Even when no one sees it.

Even when it feels small.

Even when the thing you’re trying to hold together keeps threatening to come apart anyway.

It counts.

History is not only made by the names we remember. It is made by the ten thousand people behind them who showed up without credit, without recognition, without a verified checkmark or a book deal or a standing ovation.

The quiet ones are not supporting characters.

They are the story.

And in a world that is very, very loud right now —

Quiet, steady, deliberate presence is its own kind of power.

Don’t let anyone convince you otherwise.

Including the algorithm.

Especially the algorithm.

Julie Bolejack,
The Mindful Activist

🎲 Bonus: Random Info You Didn’t Know You Needed

The man who painted the Sistine Chapel ceiling really, really did not want to paint the Sistine Chapel ceiling.

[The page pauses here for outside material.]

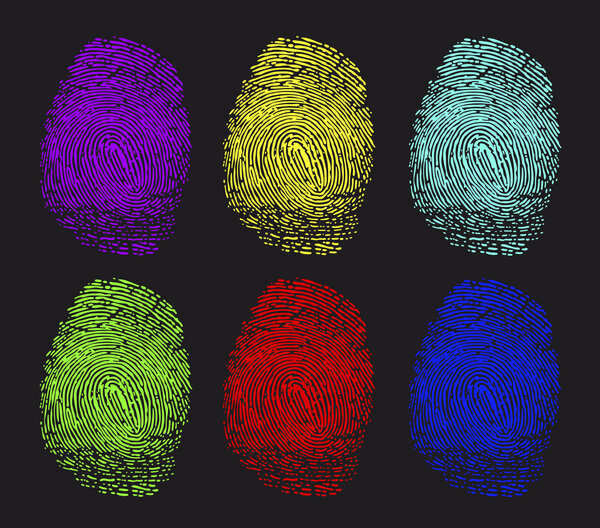 цветные отпечатки пальцев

Michelangelo considered himself a sculptor, not a painter. When Pope Julius II commissioned the project in 1508, Michelangelo protested, lobbied for someone else, and generally made his feelings known with the enthusiasm of a person who has been asked to spend four years lying on scaffolding with paint dripping into their eyes.

He did it anyway.

He spent approximately four years on his back, in physical agony, painting one of the most celebrated works in human history.

He complained about it the entire time.

There is a poem he wrote during the project that includes the line: “I am not in a good place, and I am no painter.”

He was, it turns out, both wrong and exactly right.

Sometimes the quiet ones don’t feel like quiet ones either.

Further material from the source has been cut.